Do sse instructions consume more power/energy?

Question 1

I actually did a study on this a few years ago. The answer depends on what exactly your question is:

In today's processors, power consumption is not much determined by the type of instruction (scalar vs. SIMD), but rather everything else such as:

Memory/cache
Instruction decoding
OOE, register file
And lots others.

So if the question is:

All other things being equal: Does a SIMD instruction consume more power than a scalar instruction.

For this, I dare to say yes.

One of my graduate school projects eventually became this answer: A side-by-side comparison of SSE2 (2-way SIMD) and AVX (4-way SIMD) did in fact show that AVX had a noticably higher power consumption and higher processor temperatures. (I don't remember the exact numbers though.)

This is because the code is identical between the SSE and the AVX. Only the width of the instruction was different. And the AVX version did double the work.

But if the question is:

Will vectorizing my code to use SIMD consume more power than a scalar implementation.

There's numerous factors involved here so I'll avoid a direct answer:

Factors that reduce power consumption:

We need to remember that the point of SIMD is to improve performance. And if you can improve performance, your app will take less time to run thus saving you power.
Depending on the application and the implementation, SIMD will reduce the number instructions that are needed to do a certain task. That's because you're doing several operations per instruction.

Factors that increase power consumption:

As mentioned earlier, SIMD instructions do more work and can use more power than scalar equivalents.
Use of SIMD introduces overhead not present in scalar code (such as shuffle and permute instructions). These also need to go through the instruction execution pipeline.

Breaking it down:

Fewer instructions -> less overhead for issuing and executing them -> less power
Faster code -> run less time -> less power
SIMD takes more power to execute -> more power

So SIMD saves you power by making your app take less time. But while its running, it consumes more power per unit time. Who wins depends on the situation.

From my experience, for applications that get a worthwhile speedup from SIMD (or anything other method), the former usually wins and the power consumption goes down.

That's because run-time tends to be the dominant factor in power consumption for modern PCs (laptops, desktops, servers). The reason being that most of the power consumption is not in the CPU, but rather in everything else: motherboard, ram, hard drives, monitors, idle video cards, etc... most of which have a relatively fixed power draw.

For my computer, just keeping it on (idle) already draws more than half of what it can draw under an all-core SIMD load such as prime95 or Linpack. So if I can make an app 2x faster by means of SIMD/parallelization, I've almost certainly saved power.

Question 2

As Mystical's answer suggests, SIMD code tends to take slightly more power, but if the problem is amenable to vectorization, well-written SIMD code will run significantly faster; the speedup is almost always larger than the increase in power, which results in a decrease in the amount of energy (the integral of power over time) consumed.
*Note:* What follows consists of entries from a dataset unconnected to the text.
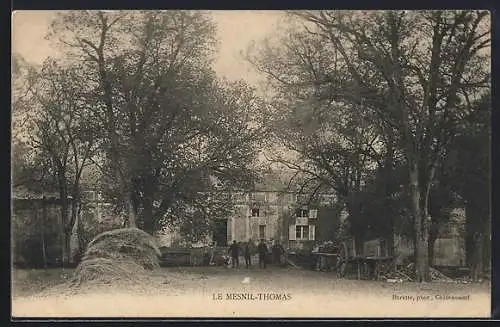 AK Le Mesnil-Thomas, Vue de la place centrale avec arbres et bâtiments historiques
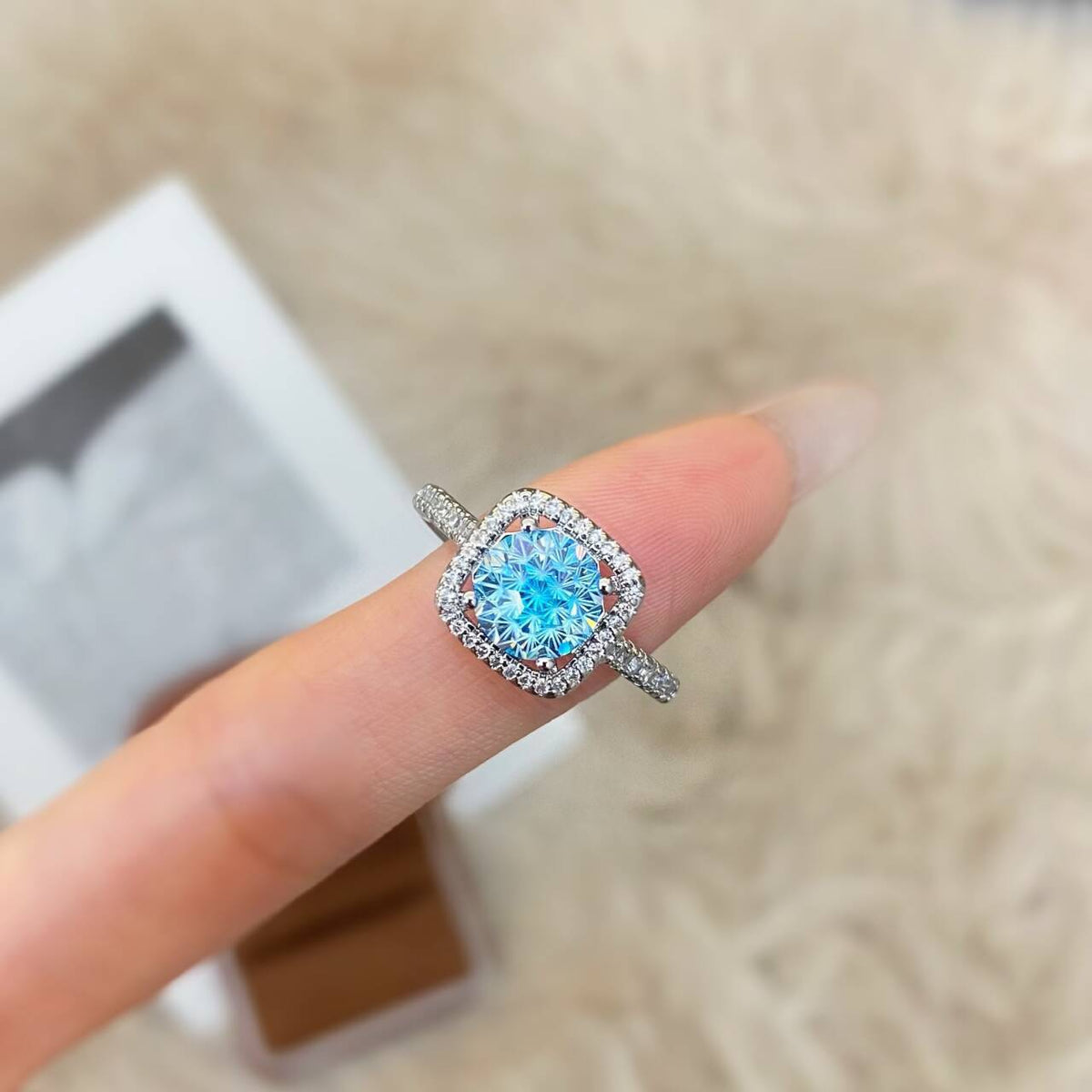 High-End Imitation Diamond Six-Claw Ring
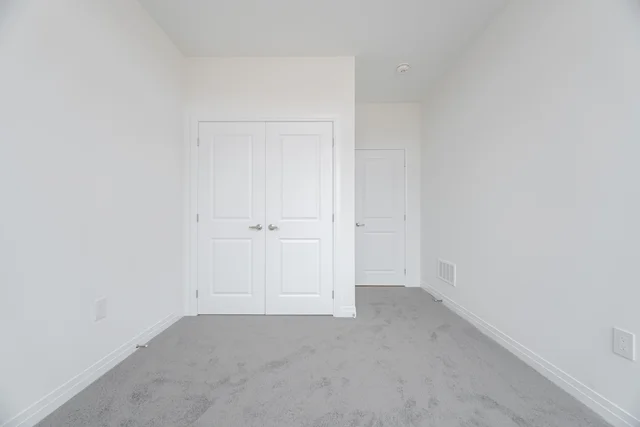 3242 Sixth Line, Oakville - photo 32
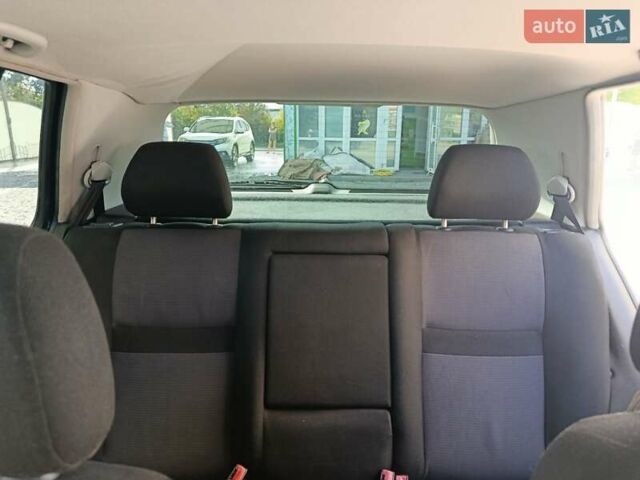 Синий Фольксваген Гольф, объемом двигателя 1.98 л и пробегом 233 тыс. км за 4600 $, фото 10 на Automoto.ua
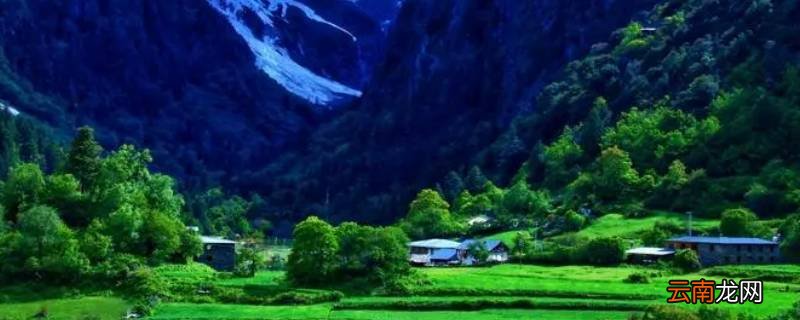 雨崩海拔
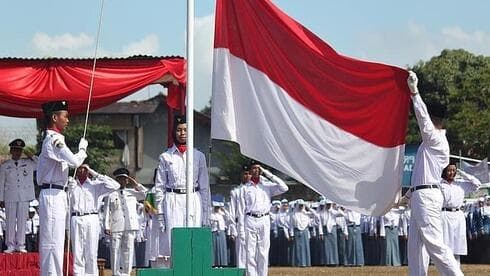 Una ceremonia de izamiento de la bandera nacional de Indonesia en Yakarta. (Gettyimages) Una ceremonia de izamiento de la bandera nacional de Indonesia en Yakarta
This is broadly true not only for SIMD vectorization, but for nearly all optimization. Faster code is not just faster, but (almost universally) more energy efficient.
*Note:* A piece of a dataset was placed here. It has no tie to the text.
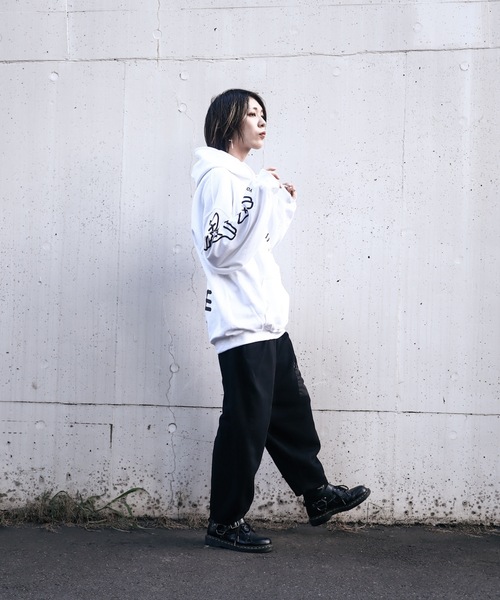 AFYF（エーエフワイエフ）の「AFYF GILDAN BODYSOUVENIR HOODED SW1/ビッグシルエット ギルダンボディ スーベニア フードスウェット/ビックプルオーバーパーカー（パーカー・メンズ・ミント/ラベンダー/ホワイト系その他/ブラック系その他/グレー系その他/オレンジ系その他/ホワイト系その他2/ホワイト系その他3/ブラック系その他2/ブラック系その他3/ブラック系その他4/ゴールド/イエロー系その他/レッド系その他/ブルー系その他/ブルー系その他2/ピンク系その他・FREE）」の18枚目の写真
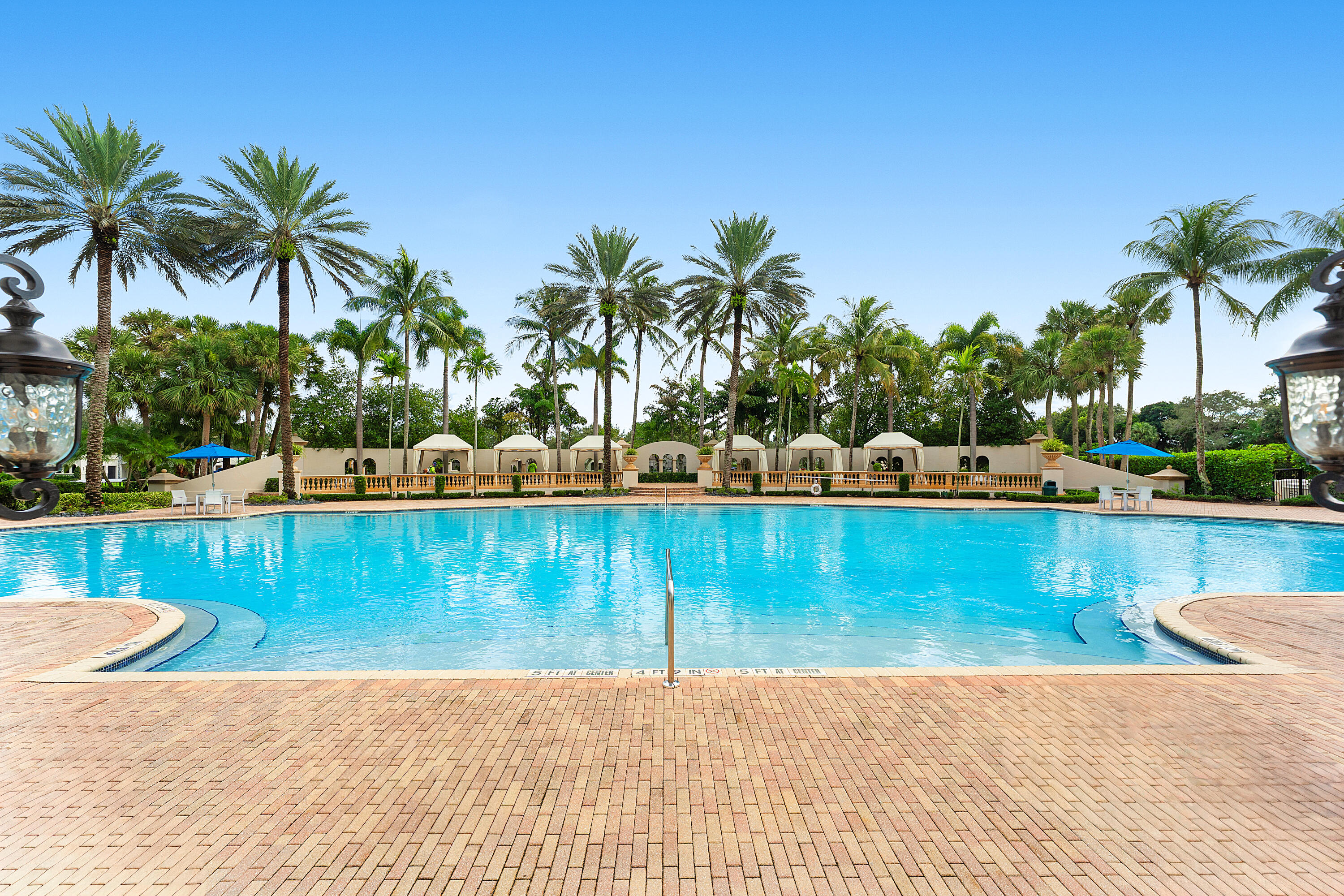 116-17963LakeAzureWay-BocaRaton-FL-33496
A nit about terminology: people frequently about "power" when they really want to talk about "energy". Power consumption in computing is really only relevant if you are engineering power supplies (obvious reasons) or engineering enclosures (because you want to know how much power you need to be able to disperse as heat). 99.999% of people aren't engaged in either one of those activities, and thus they really want to be keeping energy in mind (as computation / energy is the correct measure of how efficient a program is).

Question 3

This really depends on what you really want to know. Let me answer this question from the point of view of what I think a processor designer who may not care about all other power consumption (e.g. main memory) but only wants to know the power consumption in his/her piece of logic in a single core. I have two answers then.

1.) For a fixed frequency, a core with SIMD which gives a faster result likely uses more energy than a scalar core due to the extra complexity (circuit logic) of implementing SIMD.
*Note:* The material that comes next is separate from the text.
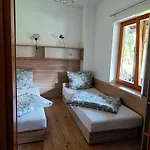 Pod Modrzewiami * Milówka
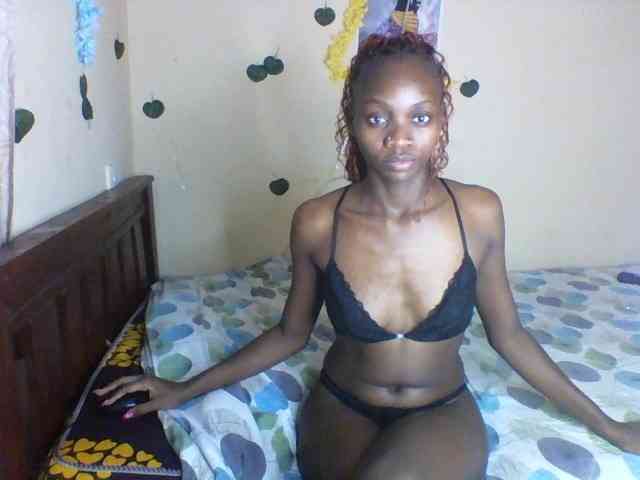 Luna-Noir webcam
2.) If the frequency is allowed to vary so that the scalar core finishes in the same time as the SIMD core I would argue that the SIMD core uses much less energy.

Edit: I changed the words power to energy since power is energy/time. I think the proper thing to compare is something like FLOPS/watt

Let me explain. The power of a processor goes as C*V^2*f where C is capacitance, V is voltage, and f is frequency. If you read this paper Optimizing Power using Transformations you can show that using two cores at half the frequency uses only 40% of the power of a single core at full frequency to the same calculation in the same amount of time.

I would argue that the same logic applies to other parallel methods such as SIMD and ILP (super-scalar). So instead of increasing the frequency with a scalar core if SIMD is implemented the same computation can be done in the same amount of time using much less energy (on the other had it makes the programming a lot more difficult).

GPU developers have used the principle of that paper to put them a few years ahead of Intel (by Moore's law) in processing potential. They run at lower frequencies than CPUs and use far more "cores" so for the same amount of electrical energy they get more potential processing power.